*** Source information ***

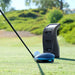 Close-up of golf driver and Foresight GC3 Launch Monitor before tee-off, capturing pre-shot tracking setup.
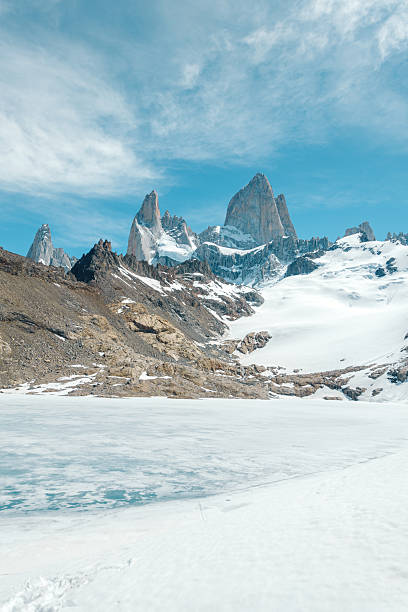 istock Majestic snow-capped mountain peaks under blue sky 2228007620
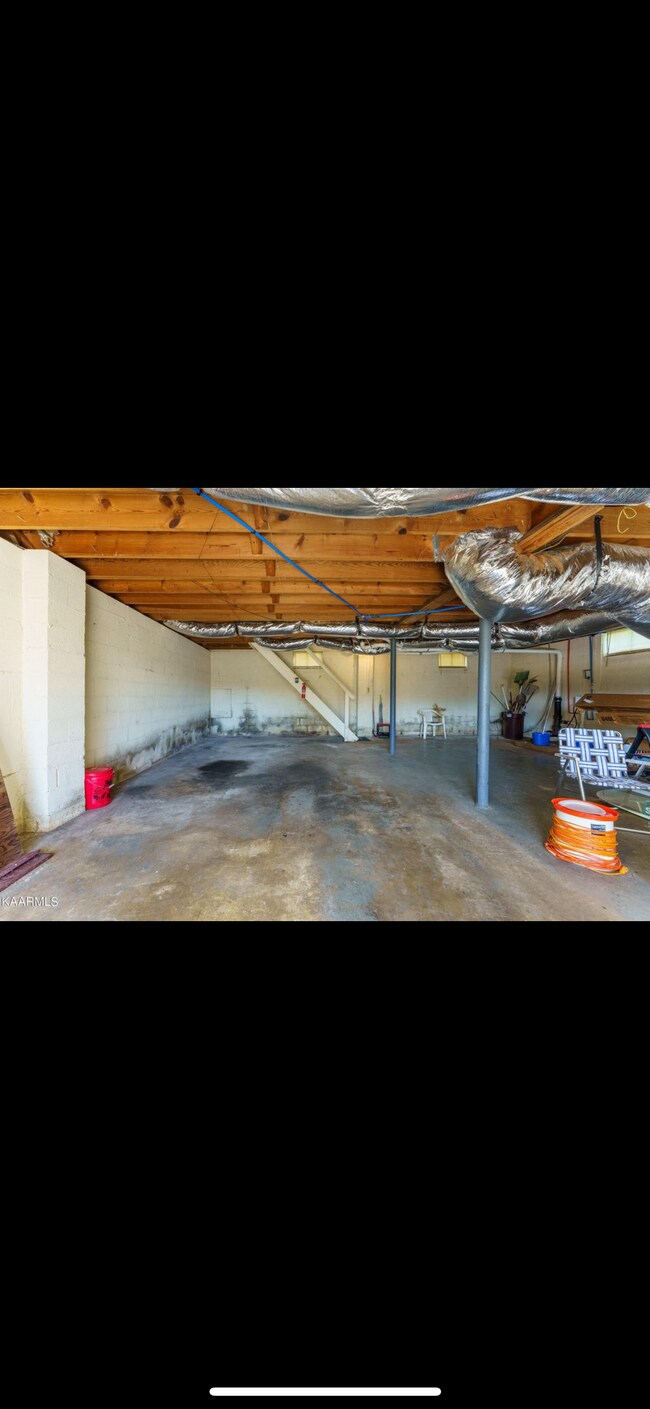 Unfinished basement with garage door - 1208 Pickwick Rd
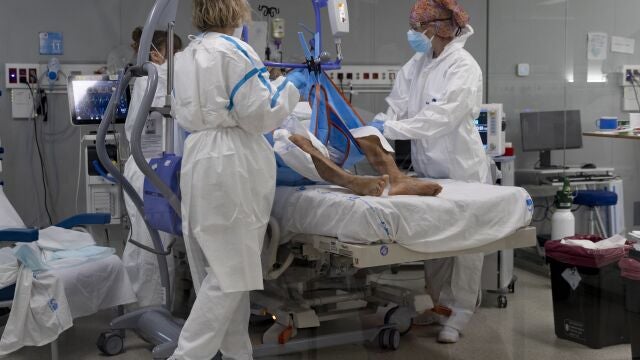Varios sanitarios alrededor de un paciente ingresado en la UCI del Hospital Isabel Zendal de Madrid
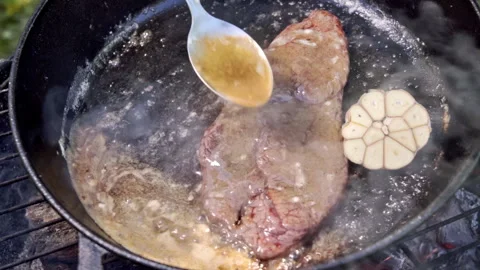 A steak is being cooked on a grill. The chef spoons melted butter onto the steak Stock Footage 315278991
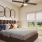 Bedroom with large window and ceiling fan at Heritage Grove apartment homes for rent in Broken Arrow, OK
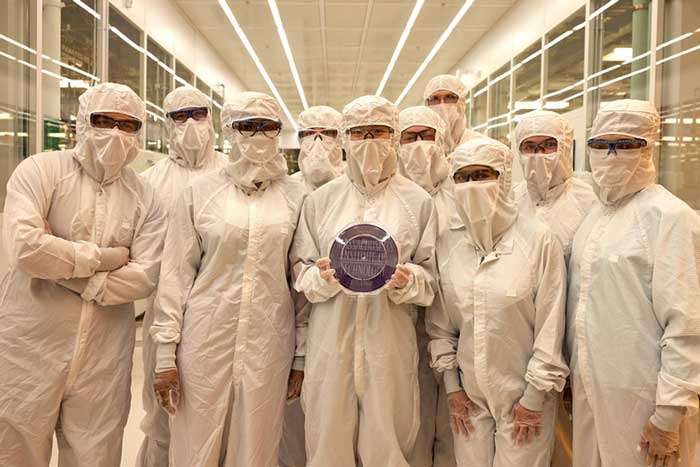 About 8 people in the Nano lab, wearing full-body clean suits, show off a wafer.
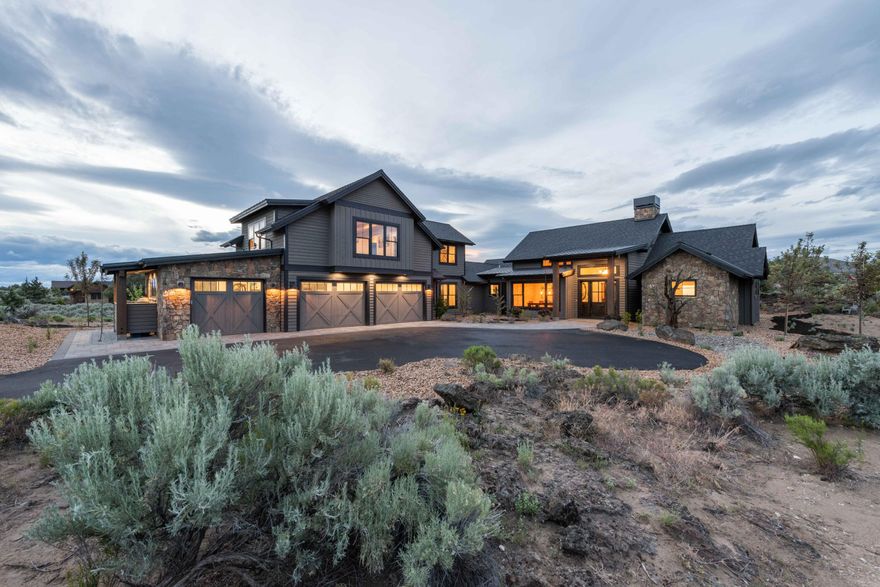 Brasada Ranch Custom Home - Stunning Hollyman Design - Beautiful entry with Custom Barn Doors opening to an Epic Great  Room, floor to ceiling Stone Fireplace. Natural  Light  flows into the Spacious Kitchen , Jenn Air and Wolf Appliances. One of a kind Reclaimed Axe Hewn Beam accented with three Pendants Lights Illuminating the Grand Island, Walk through Butler's Pantry, Splashes of Custom Barnwood Cabinets, Gorgeous Primary, Oversized Curbless Tile Shower, Heated Floors and Walk in Closet. Two Junior Suits on main. Airy Laundry Room with plenty of Natural Light, White Shiplap ,Floating Barnwood Shelves. Upstairs you have a Spacious Bonus Room for Entertaining, guest room and full bathroom. Off the Bonus Room Barn Doors open up into Office Space with Mountain Views.  Spacious 3 car Garage with Epoxy floors.  Inviting Outdoor Covered Living area and Custom Fire Pit with views of the Powell Buttes offer the perfect space to entertain friends or just kick back and relax.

*** End of Source information ***

Starting with the line that contains "Varios sanitarios alrededor", give the lines again exactly as they appear through the last line of the data, pictures excluded.

Varios sanitarios alrededor de un paciente ingresado en la UCI del Hospital Isabel Zendal de Madrid
 A steak is being cooked on a grill. The chef spoons melted butter onto the steak Stock Footage 315278991
 Bedroom with large window and ceiling fan at Heritage Grove apartment homes for rent in Broken Arrow, OK
 About 8 people in the Nano lab, wearing full-body clean suits, show off a wafer.
 Brasada Ranch Custom Home - Stunning Hollyman Design - Beautiful entry with Custom Barn Doors opening to an Epic Great  Room, floor to ceiling Stone Fireplace. Natural  Light  flows into the Spacious Kitchen , Jenn Air and Wolf Appliances. One of a kind Reclaimed Axe Hewn Beam accented with three Pendants Lights Illuminating the Grand Island, Walk through Butler's Pantry, Splashes of Custom Barnwood Cabinets, Gorgeous Primary, Oversized Curbless Tile Shower, Heated Floors and Walk in Closet. Two Junior Suits on main. Airy Laundry Room with plenty of Natural Light, White Shiplap ,Floating Barnwood Shelves. Upstairs you have a Spacious Bonus Room for Entertaining, guest room and full bathroom. Off the Bonus Room Barn Doors open up into Office Space with Mountain Views.  Spacious 3 car Garage with Epoxy floors.  Inviting Outdoor Covered Living area and Custom Fire Pit with views of the Powell Buttes offer the perfect space to entertain friends or just kick back and relax.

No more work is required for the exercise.